Dave Girouard, vice president of Google Apps and Google Enterprise, is resigning from the company to form a startup.
As chief of Google Apps, Girouard oversaw the company’s fast-growing cloud applications, including Google Docs, Gmail, and Google Calendar. He also started the company’s Enterprise unit, which encompassed Google Chromebooks and Search Appliance for Business.
Sundar Pichai, senior vice president for Google Chrome and Apps, will take over Girouard’s responsibilities, the company said. Amit Singh will continue managing Enterprise.
The Upstart home page features a brief statement, that says, in part, “Upstart let’s you raise capital in return for a small portion of your future income. So you can do what your meant to do.”
In his blog post, Girouard thanked Google Co-Founders Sergey Brin and CEO Larry Page, and former CEO Eric Schmidt. “After eight wonderful and life-altering years, I've decided to leave Google to pursue my own adventure,” he wrote.
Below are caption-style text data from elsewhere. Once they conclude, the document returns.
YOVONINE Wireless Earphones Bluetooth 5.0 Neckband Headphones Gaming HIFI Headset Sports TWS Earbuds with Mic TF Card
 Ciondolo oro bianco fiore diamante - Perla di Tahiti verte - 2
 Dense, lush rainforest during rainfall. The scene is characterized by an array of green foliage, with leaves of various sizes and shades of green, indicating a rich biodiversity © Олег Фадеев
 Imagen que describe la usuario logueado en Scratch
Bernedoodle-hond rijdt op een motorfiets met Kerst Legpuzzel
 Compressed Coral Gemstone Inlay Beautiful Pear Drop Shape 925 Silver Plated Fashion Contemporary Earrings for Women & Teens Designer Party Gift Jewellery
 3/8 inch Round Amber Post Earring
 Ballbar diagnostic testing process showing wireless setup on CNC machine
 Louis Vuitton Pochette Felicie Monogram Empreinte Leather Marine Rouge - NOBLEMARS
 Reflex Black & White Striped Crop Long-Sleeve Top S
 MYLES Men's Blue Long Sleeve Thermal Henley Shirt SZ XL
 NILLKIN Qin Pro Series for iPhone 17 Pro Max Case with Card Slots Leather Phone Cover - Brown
“In recent months, I've thought a lot about the younger generation; about the opportunities and challenges they face in navigating their careers and life choices,” he wrote. “The result is www.upstart.com, which you'll (hopefully) hear a lot more about in the coming months.”
Google issued a statement on his departure. "Dave has decided to leave Google to pursue another opportunity,” the company said. “We’re so grateful for his contributions to Google and wish him all the best."
Last May at Google I/O, Girouard described Chromebooks as Google's effort to overhaul the flawed Windows desktop computing model.
"This may be bigger than the Google Apps launch," Girouard said at the event. "It may more impactful for people that need to run IT in a business." In 2005, Girouard, then-general manager of Google's enterprise business, briefed CRN on the search giant's plan to bring Google Desktop Search into businesses through an alliance with IBM Lotus Software.
"We try things in the consumer world and make sure they are well- and thoroughly tested. And I think we have other products that could be good in the enterprise," he told CRN at the time.
Kevin McLaughlin contributed to this article.